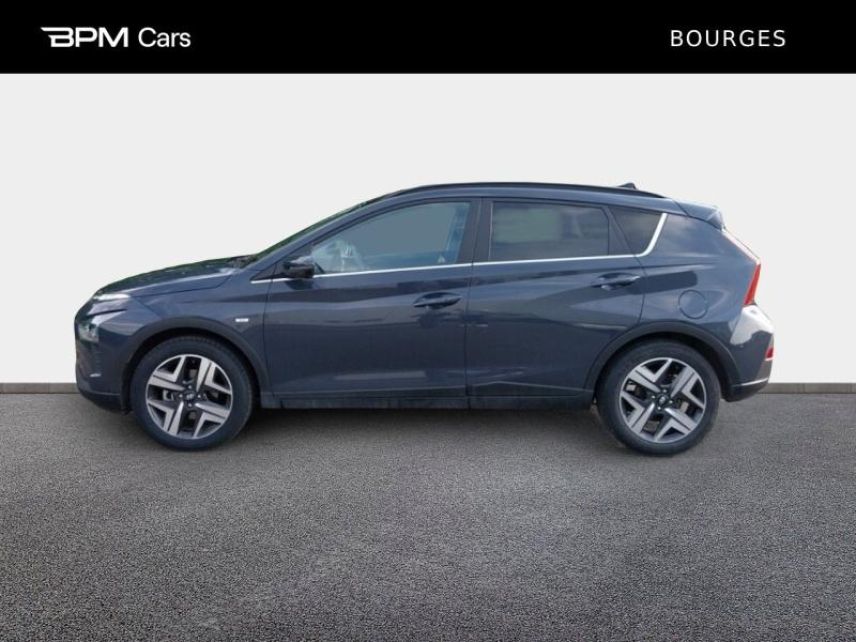 18230 : Hyundai Bourges - BPM Cars - HYUNDAI Bayon - Bayon - Aurora Grey Métal - Traction - Essence/Micro-Hybride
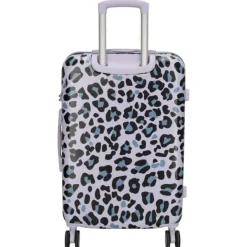 Hot Zebra Trends Animal Travel Trolley M panther lila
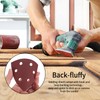 Aoyfuwell Pack of 90 Delta Sandpaper, Sanding Sheets, Triangle Sandpaper,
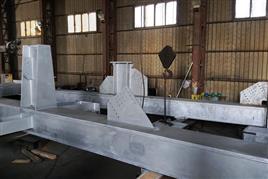Fabrication of Heavy Buildup Sections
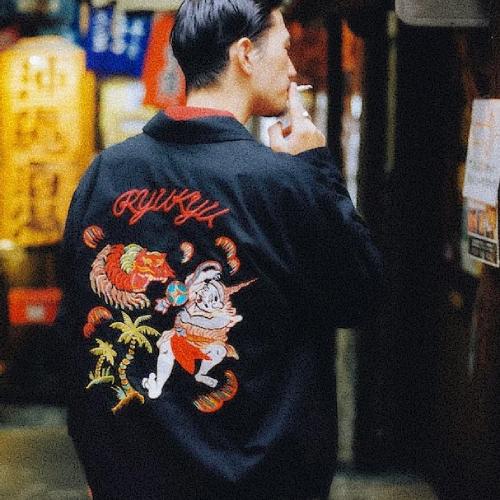 Sukajan Jackets-スカジャン – カンニッポン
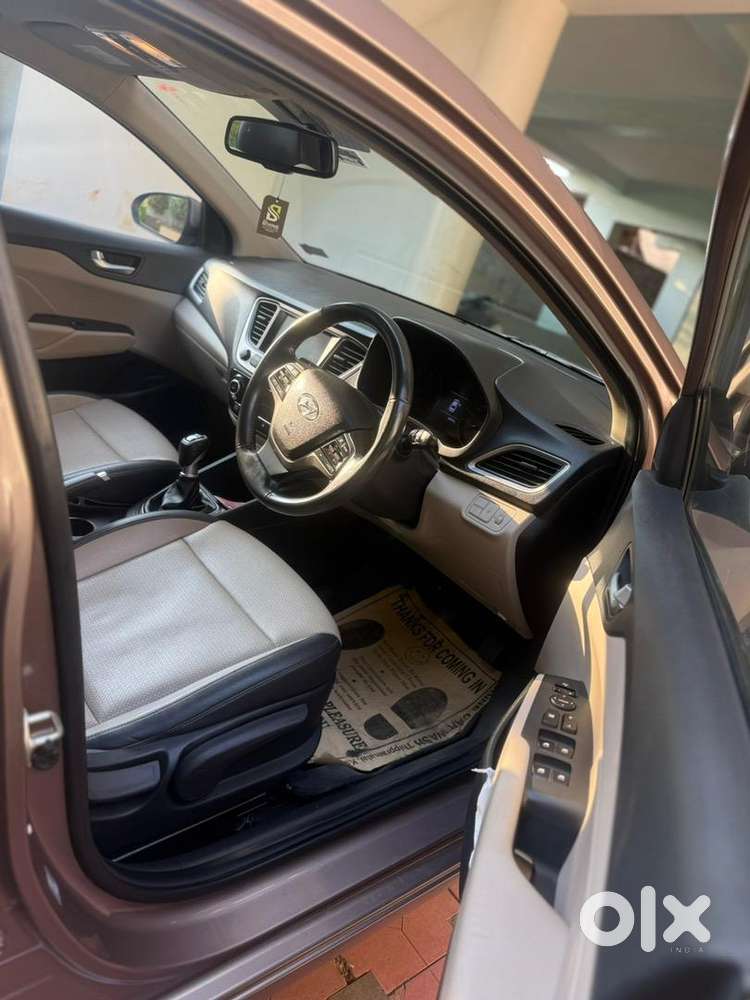 Hyundai Verna 2018 Diesel Good Condition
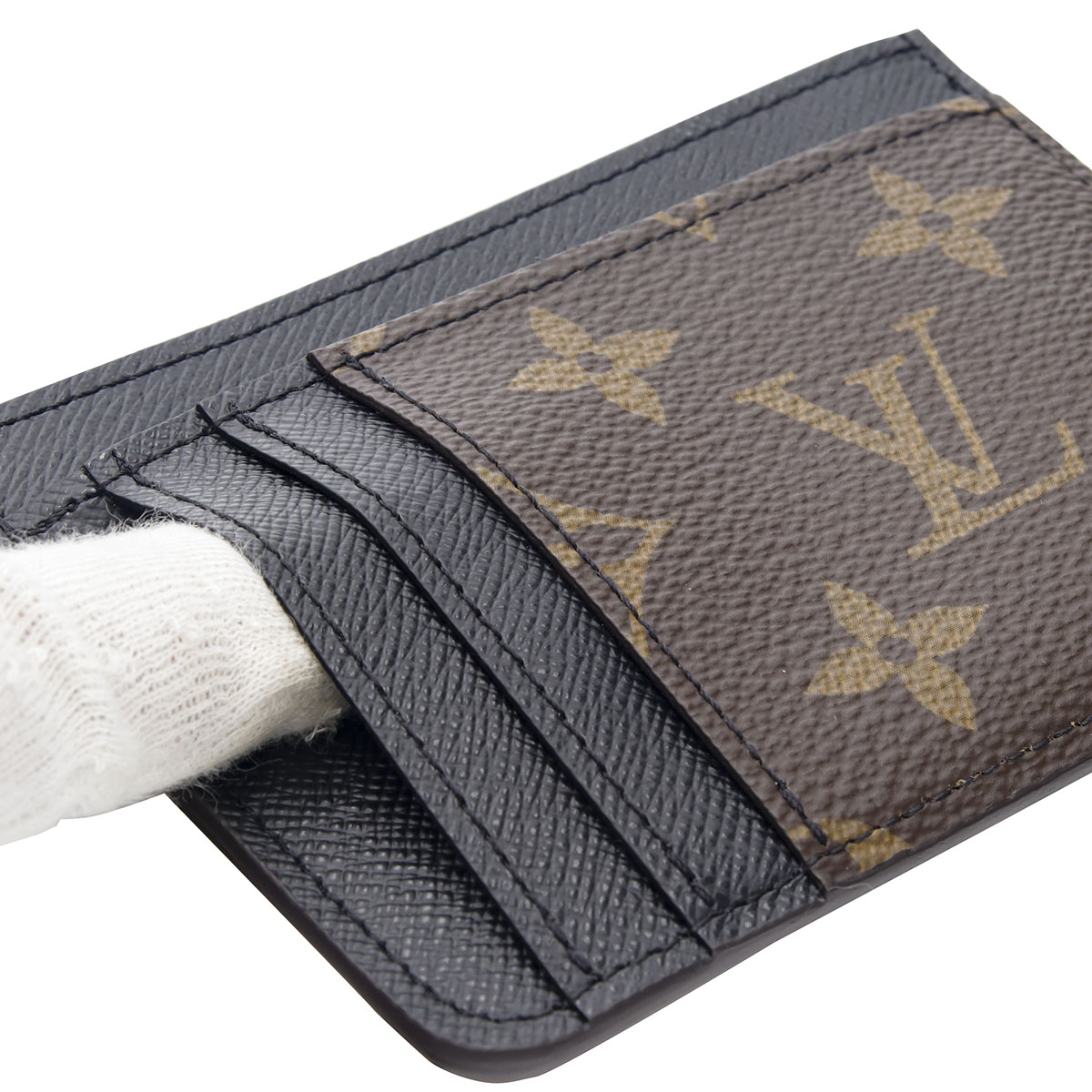 LOUIS VUITTON（ルイ・ヴィトン） モノグラム カードケース ポルト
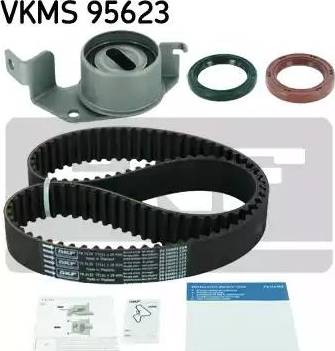 SKF VKMS 95623 - Комплект ангренажен ремък vvparts.bg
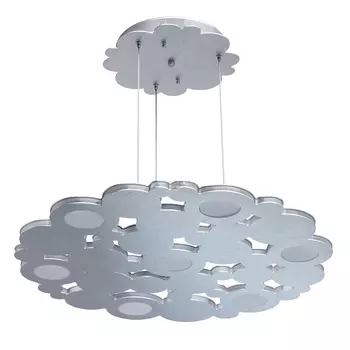 Подвесная люстра De Markt Платлинг 661012207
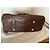 Borsa a mano Classic Q in pelle Marc by Marc Jacobs Marrone - vista 6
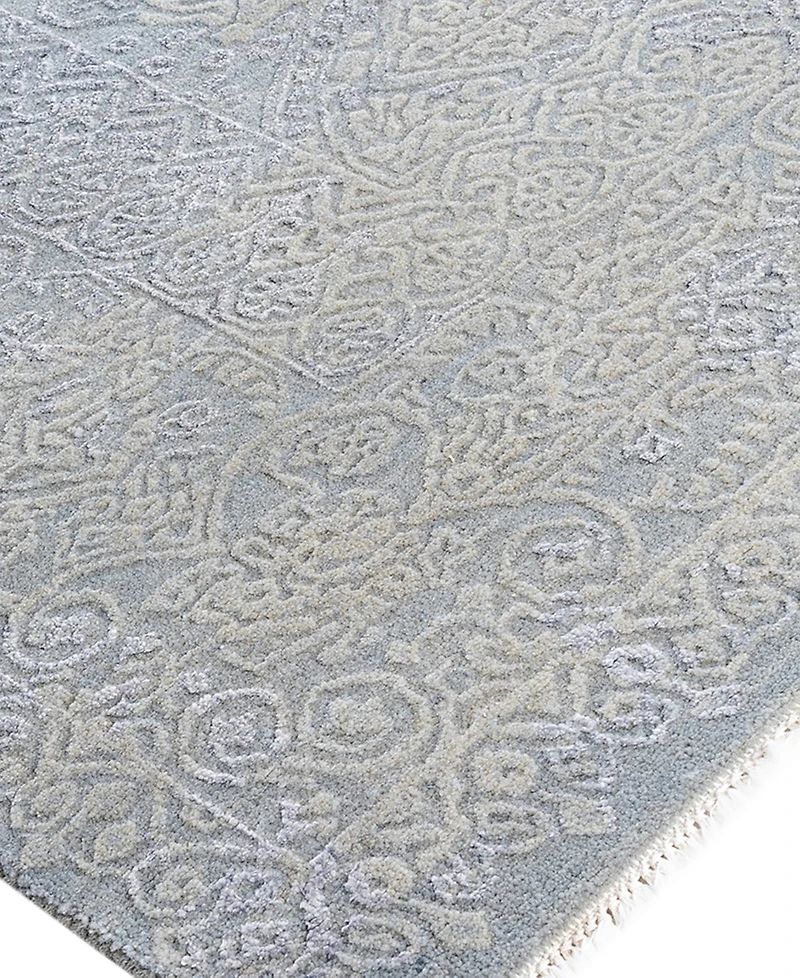 Adorn Hand Woven Rugs Indian Ooak M7474 8'x9'8'' Area Rug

○ ○ ○

* [Exercise brief]
Restate the material word for word from its first line through the line containing "Hyundai Verna 2018 Diesel Good Condition", both included; the pictures do not belong in it.

* [Written answer]
 18230 : Hyundai Bourges - BPM Cars - HYUNDAI Bayon - Bayon - Aurora Grey Métal - Traction - Essence/Micro-Hybride
 Hot Zebra Trends Animal Travel Trolley M panther lila
 Aoyfuwell Pack of 90 Delta Sandpaper, Sanding Sheets, Triangle Sandpaper,
Fabrication of Heavy Buildup Sections
 Sukajan Jackets-スカジャン – カンニッポン
 Hyundai Verna 2018 Diesel Good Condition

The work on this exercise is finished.